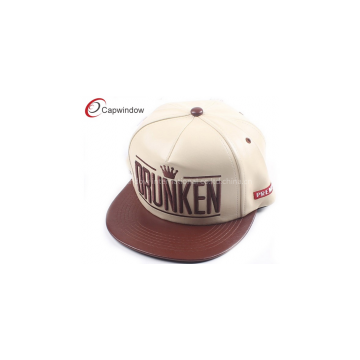 5 Panel Gold Embroidery Custom Strapback Hats PVC Leather For Boy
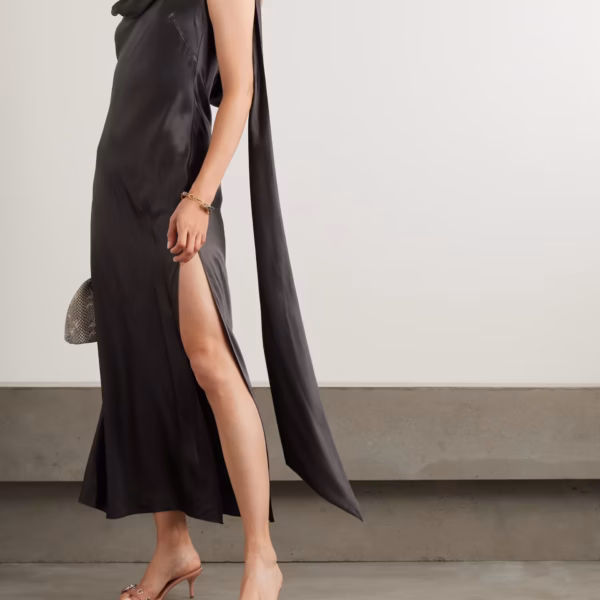 Open-back draped silk-satin midi dress
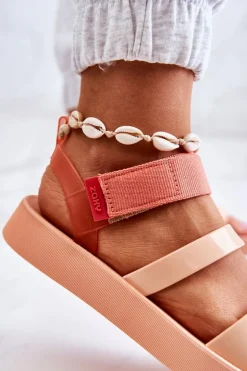 Pachnące Gumowe Sandały Na Rzep ZAXY HH285288 Pomarańczowe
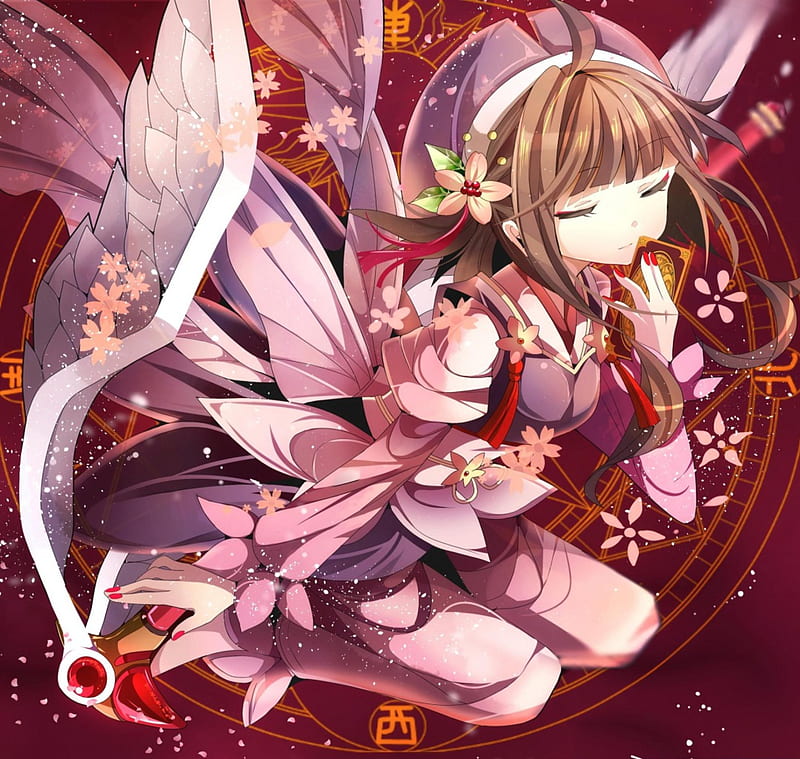 Kinomoto Sakura, sakura, wings, manga, card, cute, girl, anime, captor, clamp, HD wallpaper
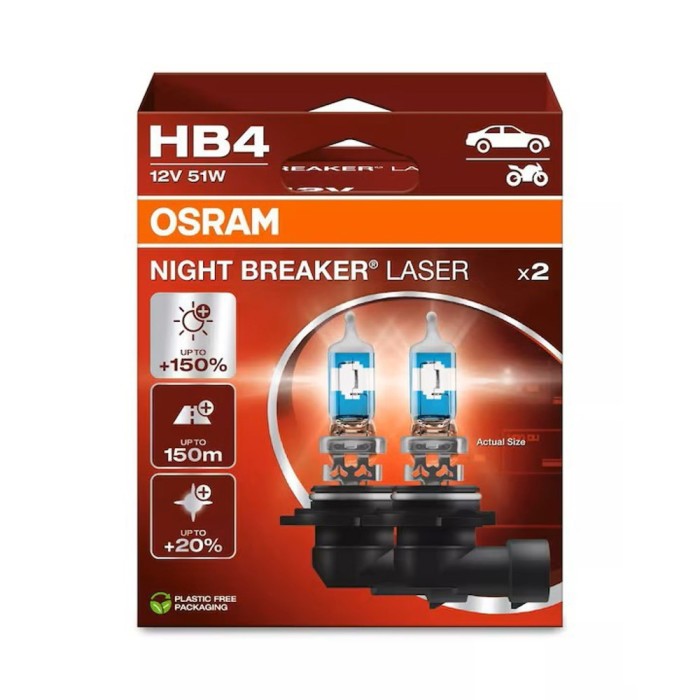 Set becuri HB4 Osram Night Breaker Laser Next Generation +150% 516656 9006NL2HB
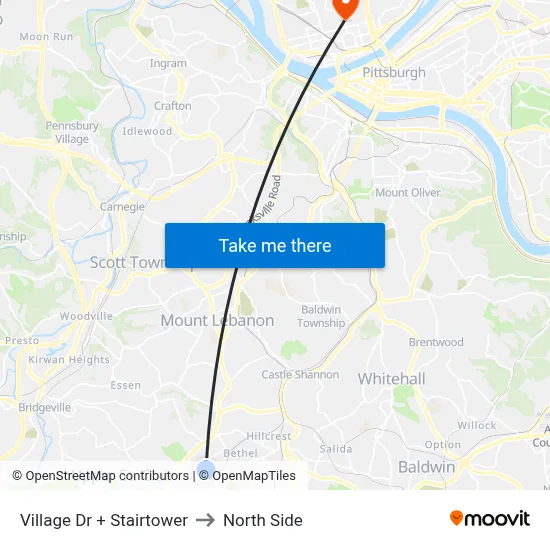 Village Dr + Stairtower to North Side map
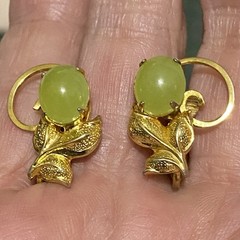 Signed Vintage 1/20 12K GF Green Jade Earrings Artist A. S. JJJ Clip On medium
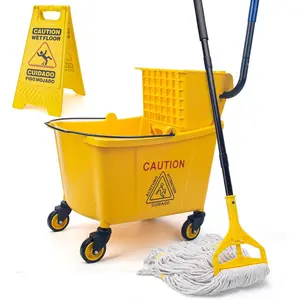 35 Qt Side Press Wringer Combo Commercial Mop Bucket  Wheels Set,Yellow,Include 1 Heavy Duty Industrial Mop for Floor Cleaning and Wet Floor Caution Sign
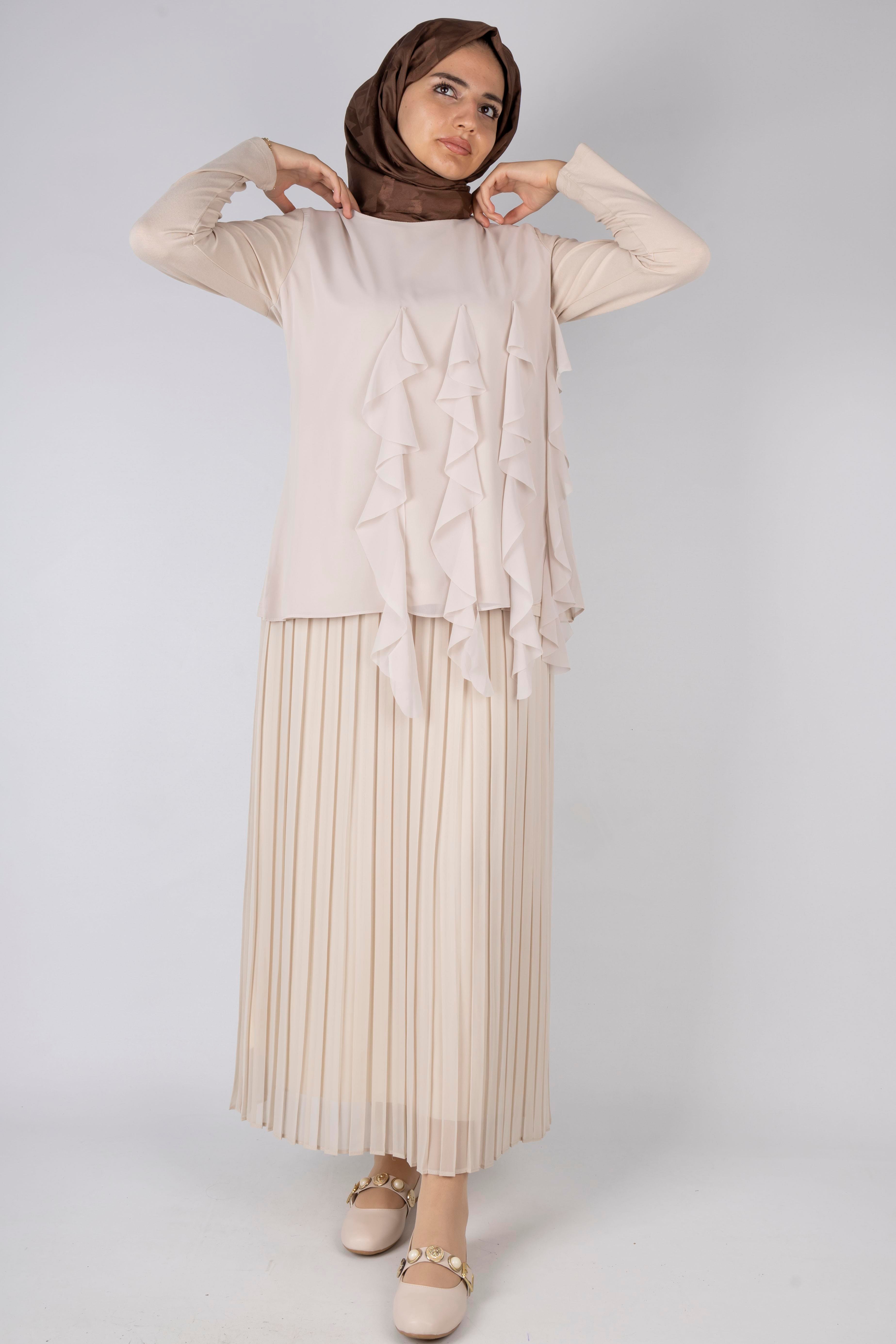 Üçlü Fırfırlı Penye Tunik Krem OTW578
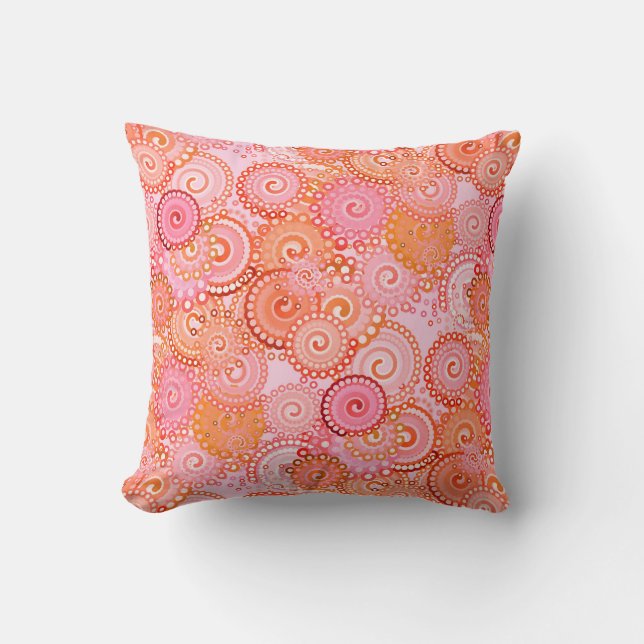 Fractal swirl pattern, coral and pink throw pillow (Front)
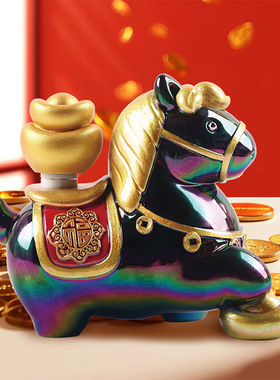 吉祥物马年萌宠盲盒解压桌面摆件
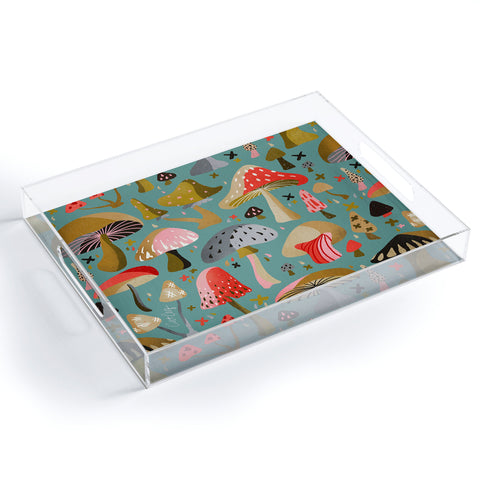 Cat Coquillette Mushroom Collection Mint Acrylic Tray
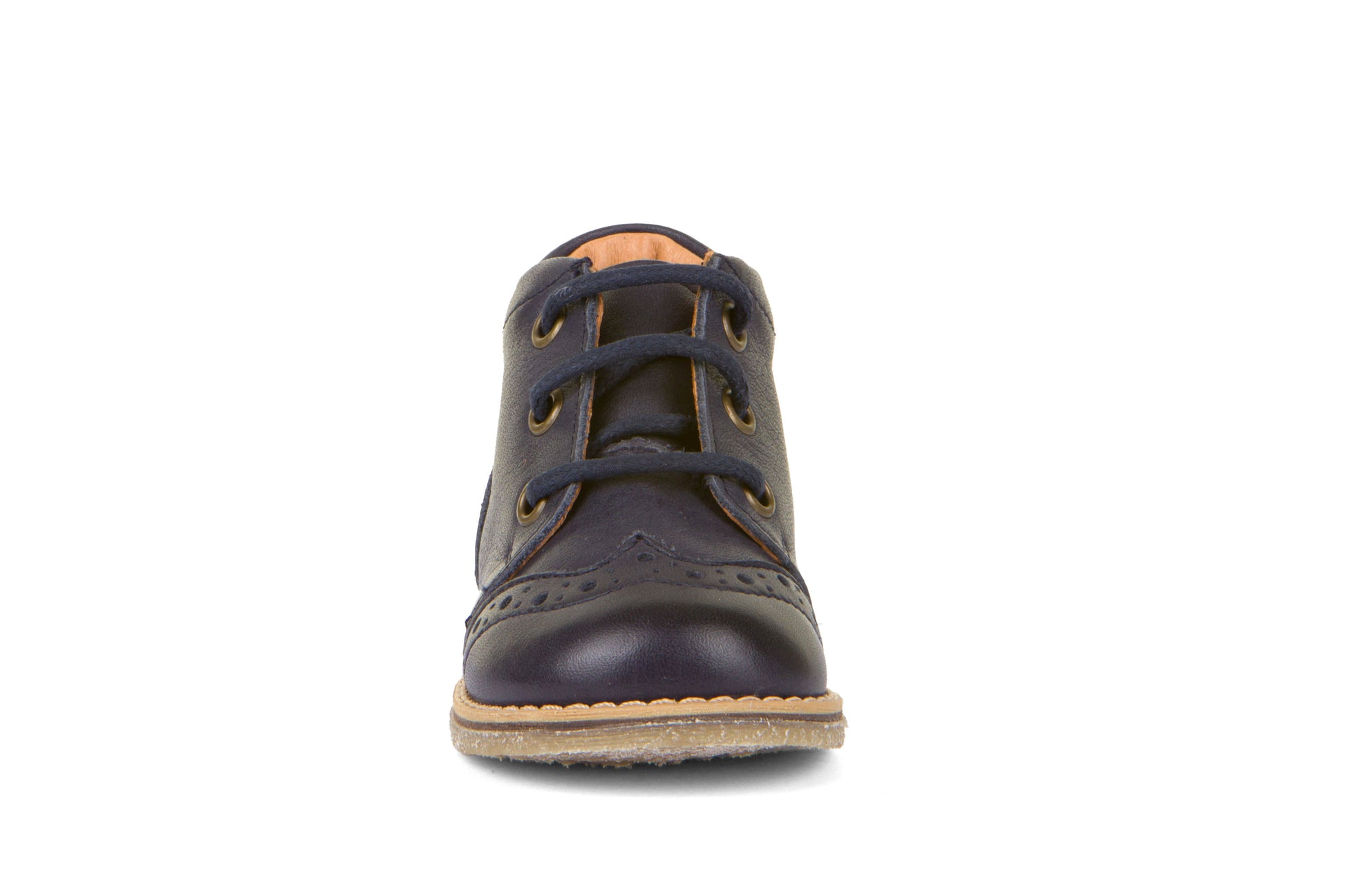 A boys boot by Froddo, style Coper G2130276-2 in Navy with lace-up fastening. Front view.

** What this task involves **
Your task is to transcribe exactly the lines from the one containing "Cat Coquillette Mushroom" through the final line of the entries above, pictures excluded.

** Answer box **
 Cat Coquillette Mushroom Collection Mint Acrylic Tray
 A boys boot by Froddo, style Coper G2130276-2 in Navy with lace-up fastening. Front view.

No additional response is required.